Have you got a knowledgeable and respected friend who would come round and give your parents their honest opinion, particularly your father? Perhaps your dad needs to hear it from someone else (not your vet - the ones I know rarely say it's time). Give him a few weeks to come round, so he has time to adjust. You are all saying goodbye to a large part of your family history, and it's often the women in the family who are practical, while men can find it harder to deal with.
 
:( :( :(

I Know exactly how you feel.. Im in the very same situation as yourself right now we have an old mare in her 30's she has no teeth trouble chewing and isnt doing too well ... I think her time has come but its such a hard thing to do. My thoughts are with you. :(
 
My heart goes out to you - I was devastated when I had to let my old boy go, but he couldn't keep weight on in the winter, and didn't cope well through the summer, and his cancer was progressing by then ... he let me know when he had had enough.

My thoughts are with you.
 
I guess the old saying of better to let them go one day too early rather than one day too late really fit this situation. I hope your parents come around to letting the horse go with dignity and love.
 
I really feel for you so much.
Last night my best friend had to let her beloved 28yr old mare go. She taught us both to ride, took us to camp, she drove me to my wedding, she was one of those one in a million ponies - much like yours I am sure. She came down with laminitis in her back feet a month or 2 ago & suddenly went downhill & kept getting awful absesses.
I can honestly say, despite being heartbroken, that I wish the decision had been taken sooner. She had always been an incredibly healthy mare with barely a day off, and it breaks me to know that her last few months weren't painfree like they should have been.

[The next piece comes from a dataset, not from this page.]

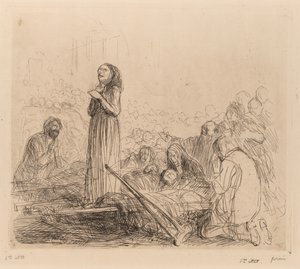 Zázrak před Nejsvětější svátostí. od Jean Louis Forain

Please, please, please, do the right thing for her before she gets to the point of any suffering - she deserves it. :(
 
Its easy to say to some one else the time has come, its so much harder to do it for your own. I think you have made the decision already and just remember, no matter how bad you feel now, you CAN take comfort in them having a good death. I know that sounds daft but I will be forever grateful that my mare went well, in a warm barn with the faces of the people who loved her the last thing she saw. She deserved it, after 23 years of loyal service.